They're not supernatural, that anybody know, just desperate. Scavengers who've rejected even the meager society of Serenity's Reach, living in the upper floors of the dead towers, emerging to pick through ruins that have been picked through a thousand times before. They trade with no one, speak to no one, and have developed a disturbing tendency to watch from broken windows as salvage crews pass below. Most Ghouls are simply people who've given up. Some, the old-timers whisper, have given up on being people.
More concerning are the rogue constructs.

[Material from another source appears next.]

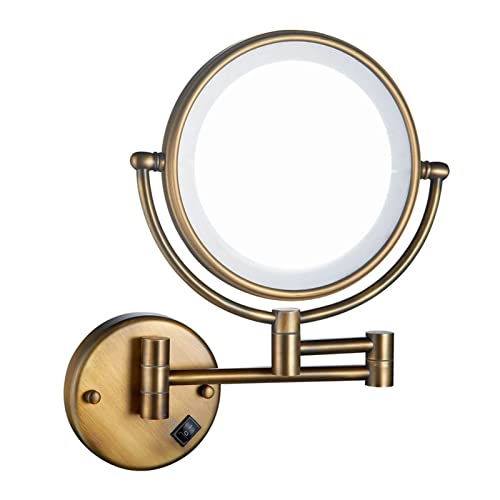 Miroir de rasage mural pour une routine de soin matinale parfaite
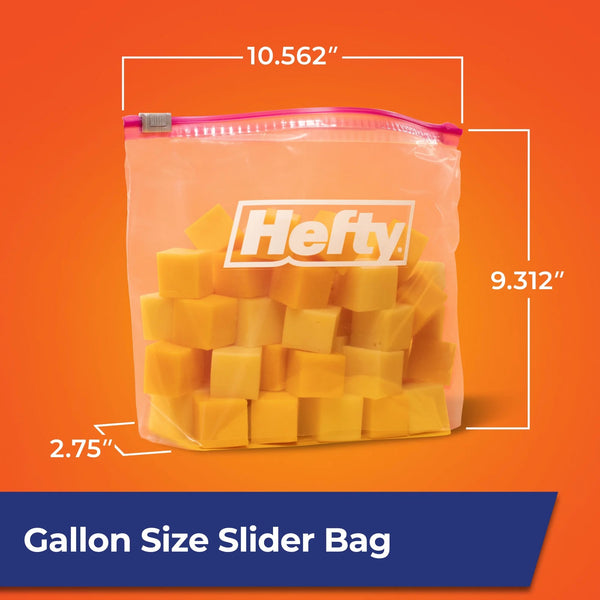 Slider Kitchen Storage Bags, Gallon Size - 1 pack -  60 Count per pack - plus 3 My Outlet Mall Resealable Storage Pouches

When the Hegemony pulled out, they left behind their synthetic workforce: maintenance units, security systems, automated infrastructure managers. A hundred and fifty years without software updates, of cosmic radiation and degrading neural networks have have left the in different states of malfunction. Some of them still patrol their assigned sectors, performing maintenance routines on equipment that no longer exists, guarding doors that lead nowhere. Their movements are wrong now. Jerky. Their optical sensors glow with colors the manufacturers never intended.
They don't attack on sight. Usually. But they've developed priorities that no human programmed. Best not to test what those priorities are.
The wind never stops in Promise City. It howls through the empty corridors, carries dust through shattered windows, and makes sounds that almost resolve into words if you listen too long. The locals say the city remembers what it was supposed to be. They say it's angry.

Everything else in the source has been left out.